I’ve always been curious about what’s inside. As a child I opened things, from clock radios to music boxes. I’d get a butter knife from the kitchen to remove all of the screws, take it apart, and look inside. For what? I wanted to see how it worked. If the item didn’t work, I thought I could look inside and fix it, which I never could, but that didn’t keep me from opening things.
My grandparents lived on a farm with all kinds of buildings. There was the corn crib, the two-story chicken house, a garage that sheltered the farm truck and tractors, the barn, a spring house, and the smoke house. All of these places provided endless opportunities to look inside on the endless search for some previously-undiscovered hidden treasures.
The opportunity for discovery faded somewhat until in my thirties, when, primarily fueled by the boredom of an uneventful time in my life, I began to pay attention to my nightly dreams. I had been writing them down for a while by the time I entered grad school. I majored, this might not come as much of a surprise, in psychology. I asked the professor in every single psych class what dreams were about and no one could answer.
Then, as luck would have it, the conservative Catholic college I was attending offered a one-credit course on dreams. I kinda feel sorry for the other students in the class, because I was so excited and curious about dreams, I asked a lot of questions. That professor basically handed me the key, and opened the door, to the magical world of symbolism. The class inspired me to continue exploring this dream language, which is a passion that excites me to this day.
In a patriarchal culture where the value is placed on the literal, logical, rational, and practical, anything that doesn’t fall into those categories is often dismissed as irrelevant, fantasy, imaginal, etc. There is an emphasis on the seen over the unseen, which means the inner world is often overlooked, since the outer is perceived as what really matters.
Symbolism is the language of the inner world and the soul. Dreams speak to the soul and that’s why I believe they are most often symbolic in nature. When you understand symbolism, you can decipher your dreams. That key will unlock a world that has remained hidden from the literal, rational, logical mind.
This language is not dualistic in nature, but is unitary. It brings together, deepens understanding of what’s happening, adds meaning to the seemingly meaningless, and reveals to us that there is so much more to life than what we can see. The soul, even though we can’t see it with our eyes, is relevant to the quality of life that we live.

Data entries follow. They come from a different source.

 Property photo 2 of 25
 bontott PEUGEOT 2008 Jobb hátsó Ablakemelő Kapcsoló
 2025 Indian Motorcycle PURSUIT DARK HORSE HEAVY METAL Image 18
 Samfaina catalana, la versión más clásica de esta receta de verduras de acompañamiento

The soul, and the symbolic world in which it resides, are deep and numinous. Nature and beauty are the food and inspiration for the soul. It is whole and complete unto itself. There isn’t anything missing when we rest in the soul. It’s love and the the world in which it exists is one of love as well, which means it’s a space that is outside of duality. This love isn’t superficial, but is the unseen nature of all that exists.

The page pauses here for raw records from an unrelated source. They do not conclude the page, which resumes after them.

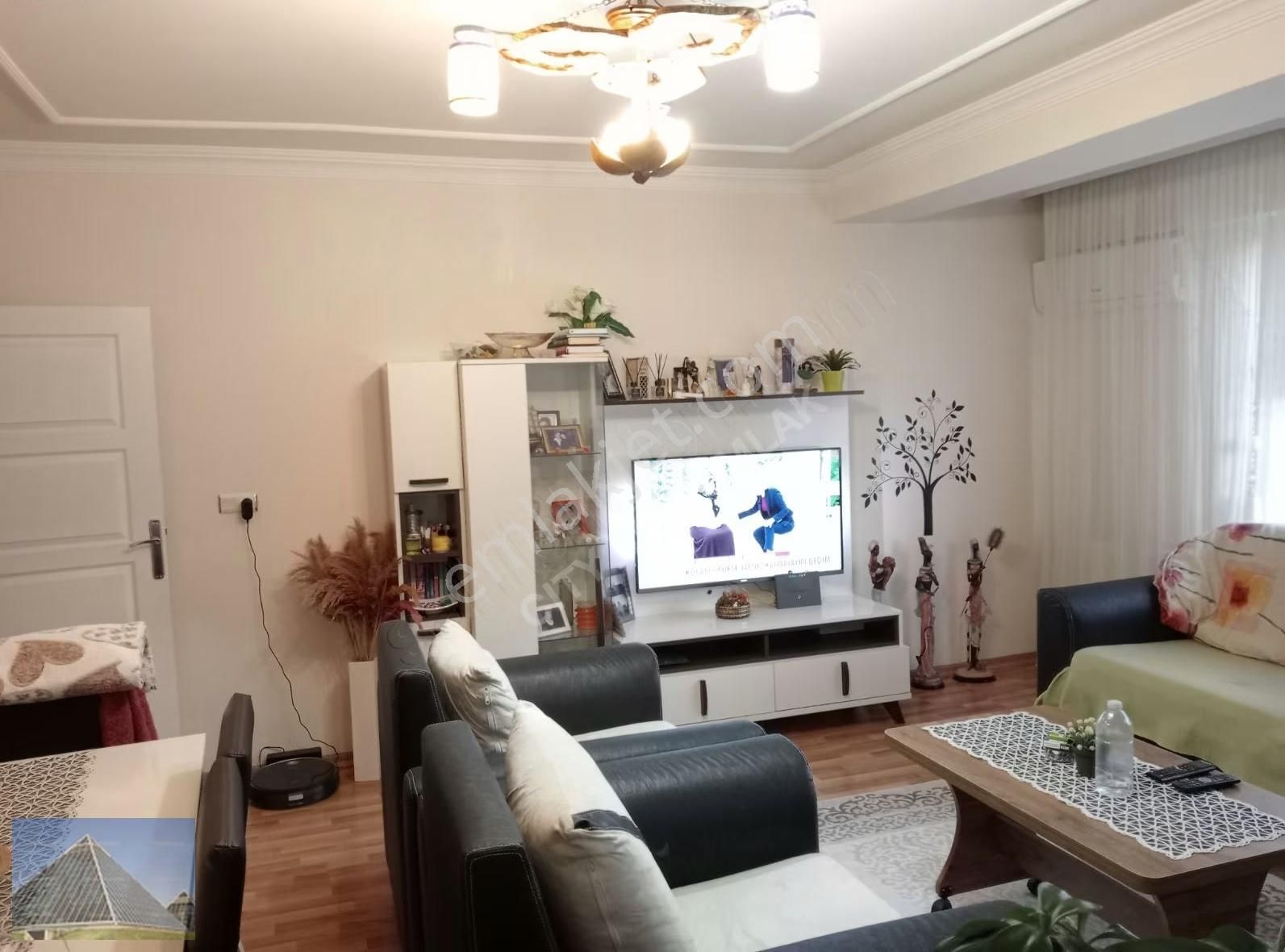 Muhittin Mahallesinde Satılık Ara Kat 2+1 Daire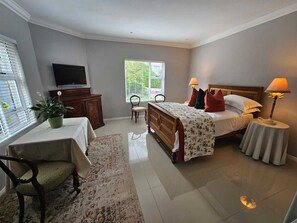 Erica Studio Suite | 1 bilik tidur, cadar kapas Mesir, peralatan tempat tidur premium 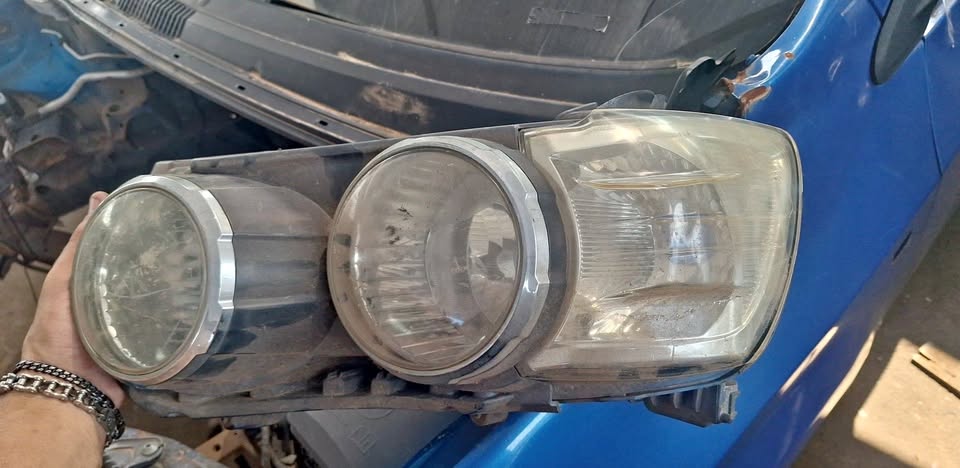 Chevrolet sonic headlights available - Private Seller Chevrolet sonic headlights available - Private Seller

Dreams speak to the soul, they feed the soul to awaken it from it’s slumber. Our nocturnal experiences strengthen it, so that it may become the foundational self from which we live.
When the symbol, or image, unites with the word, it’s like the male and female joining to give birth to something new. There is a link created between the two polarities and what results is an expansion of consciousness. I must confess, it’s a somewhat addictive process, as the wisdom that is often generated is so inspiring. It’s also often incredibly pertinent to exactly where you are on the spiritual journey and assists in moving consciousness out of old states of awareness and into greater unity and wholeness.

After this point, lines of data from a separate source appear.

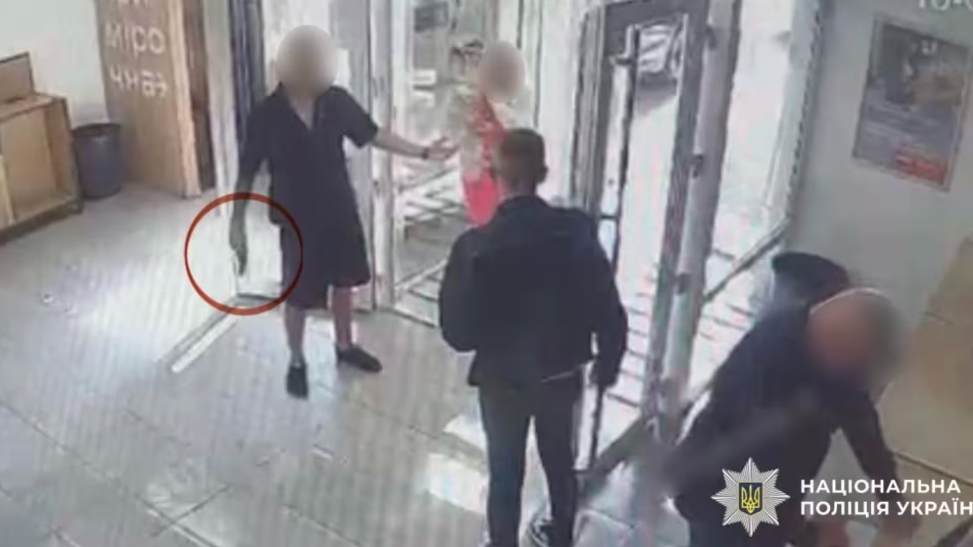 24-річний уродженець Запоріжжя отримав умовний термін за стрілянину у поштовому відділенні в Ужгороді0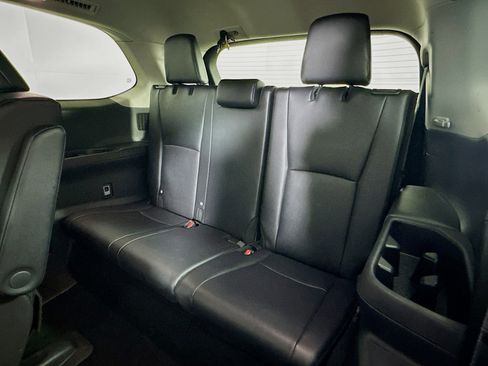 Used 2025 Toyota Grand Highlander AWD image 28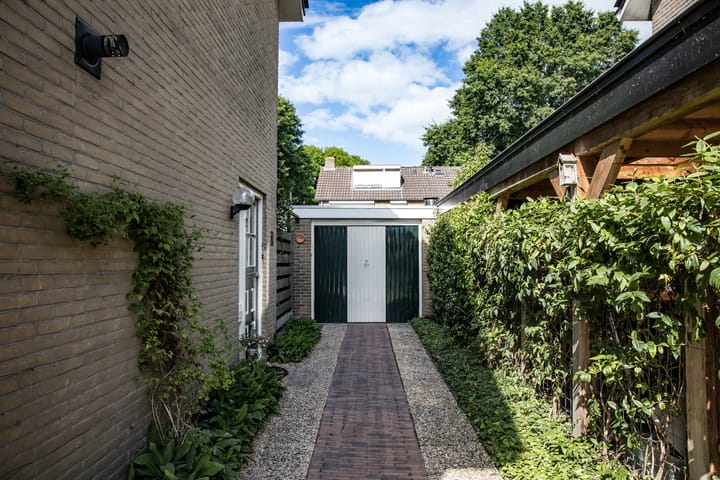 Foto 8 van Kamillelaan 19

When we live from the soul, which is what we really are, we are outside of duality. We can discern the connection between things that seem separate, we love all of life and are aware of its inherent value, we are free to follow our hearts and honor the sacredness of life. Symbolism opens the gate to the secret garden of the soul that is inside of and all around us. The world of the soul is our world, inner and outer, and despite being unseen, it’s value is inestimable to the quality of life. For us and for the planet.